"What do you do?" "I drink." "What do you really do?" "I really drink!"--Merrily We Roll Along
Last night I saw Sydney Pollack's Out of Africa for the third time, at the Event Screen. Beautifully made and intelligent, thought the central romance feels rather weary. (Robert Redford is the weak link as Meryl Streep's love interest.) I planned to see it with the Movie Meetup group, but didn't realize they were seeing it at the Yonge & Eglinton! I also ordered popcorn with butter just for variety, which I won't be doing again for a while: it made me a bit unwell. Two mistakes in one night!
This evening I saw a special Digital Theatre broadcast of a West End revival of Stephen Sondheim's 1981 musical Merrily We Roll Along. This was another Event Screen presentation, but was so popular that they showed it one of the bigger rooms. It tells the story of a threesome working together in musical theatre--a commercially ambitious man writing melodies, a more artistic man writing lyrics, and a woman writing scripts--with lots of showbiz cynicism.
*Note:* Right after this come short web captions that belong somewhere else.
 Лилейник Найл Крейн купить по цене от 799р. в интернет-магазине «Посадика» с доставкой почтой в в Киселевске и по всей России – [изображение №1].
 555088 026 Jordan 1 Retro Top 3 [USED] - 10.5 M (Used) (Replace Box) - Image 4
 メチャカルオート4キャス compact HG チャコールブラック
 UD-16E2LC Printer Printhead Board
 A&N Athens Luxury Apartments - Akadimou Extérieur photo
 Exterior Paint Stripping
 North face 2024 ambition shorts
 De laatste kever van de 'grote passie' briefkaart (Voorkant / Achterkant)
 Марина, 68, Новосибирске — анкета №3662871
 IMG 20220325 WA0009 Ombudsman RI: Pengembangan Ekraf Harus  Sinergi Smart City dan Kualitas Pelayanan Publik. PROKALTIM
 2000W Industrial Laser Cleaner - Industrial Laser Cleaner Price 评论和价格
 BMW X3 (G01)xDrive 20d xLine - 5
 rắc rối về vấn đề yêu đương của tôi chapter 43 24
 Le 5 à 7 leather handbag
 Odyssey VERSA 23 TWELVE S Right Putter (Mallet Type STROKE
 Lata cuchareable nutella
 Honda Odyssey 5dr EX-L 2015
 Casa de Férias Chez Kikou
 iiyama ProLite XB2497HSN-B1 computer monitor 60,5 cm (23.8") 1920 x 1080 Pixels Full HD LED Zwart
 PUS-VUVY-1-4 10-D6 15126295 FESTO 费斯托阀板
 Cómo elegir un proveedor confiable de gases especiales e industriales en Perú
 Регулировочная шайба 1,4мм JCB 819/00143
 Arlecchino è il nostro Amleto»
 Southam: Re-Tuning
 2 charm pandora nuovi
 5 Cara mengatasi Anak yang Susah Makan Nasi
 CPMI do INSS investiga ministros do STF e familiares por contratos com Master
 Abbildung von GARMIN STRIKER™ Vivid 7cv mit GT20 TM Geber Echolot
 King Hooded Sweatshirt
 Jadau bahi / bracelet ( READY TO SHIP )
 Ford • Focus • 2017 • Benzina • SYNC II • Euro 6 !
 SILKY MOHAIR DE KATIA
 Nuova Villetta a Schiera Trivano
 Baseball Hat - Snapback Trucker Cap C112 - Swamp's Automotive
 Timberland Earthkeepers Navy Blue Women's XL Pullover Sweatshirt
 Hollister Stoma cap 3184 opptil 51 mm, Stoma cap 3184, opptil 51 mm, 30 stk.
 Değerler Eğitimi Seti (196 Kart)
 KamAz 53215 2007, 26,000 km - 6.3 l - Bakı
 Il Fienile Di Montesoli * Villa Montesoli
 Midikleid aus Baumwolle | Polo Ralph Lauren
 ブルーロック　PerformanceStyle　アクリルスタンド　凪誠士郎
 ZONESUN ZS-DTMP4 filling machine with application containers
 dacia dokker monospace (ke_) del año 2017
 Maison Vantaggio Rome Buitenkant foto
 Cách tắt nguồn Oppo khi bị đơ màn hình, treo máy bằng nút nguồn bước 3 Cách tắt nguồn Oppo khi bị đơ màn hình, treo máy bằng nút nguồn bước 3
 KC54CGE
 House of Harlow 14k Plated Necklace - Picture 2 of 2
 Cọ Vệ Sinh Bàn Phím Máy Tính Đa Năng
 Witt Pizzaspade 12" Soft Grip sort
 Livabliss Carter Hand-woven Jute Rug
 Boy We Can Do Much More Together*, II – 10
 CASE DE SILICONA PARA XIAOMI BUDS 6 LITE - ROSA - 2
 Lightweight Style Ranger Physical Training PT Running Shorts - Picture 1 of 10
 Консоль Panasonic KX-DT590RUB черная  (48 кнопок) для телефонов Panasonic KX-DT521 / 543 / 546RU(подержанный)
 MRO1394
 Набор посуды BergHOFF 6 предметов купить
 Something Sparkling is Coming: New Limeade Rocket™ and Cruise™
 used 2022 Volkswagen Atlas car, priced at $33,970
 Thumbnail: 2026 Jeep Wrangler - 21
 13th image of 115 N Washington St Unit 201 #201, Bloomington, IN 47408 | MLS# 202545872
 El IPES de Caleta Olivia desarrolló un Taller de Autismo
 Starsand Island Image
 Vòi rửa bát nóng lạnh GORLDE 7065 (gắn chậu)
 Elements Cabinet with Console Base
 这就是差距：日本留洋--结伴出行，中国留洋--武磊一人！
Curiously, it tells the story in reverse chronological order, starting at the end and moving back and back to their beginnings in the age of Sputnik.
I can see why the show's first production failed: this kind of story is hard to get into. But I got more and more into it as the show went on, and by the time it was over I wanted to see it again. It's a lively, faultless London production.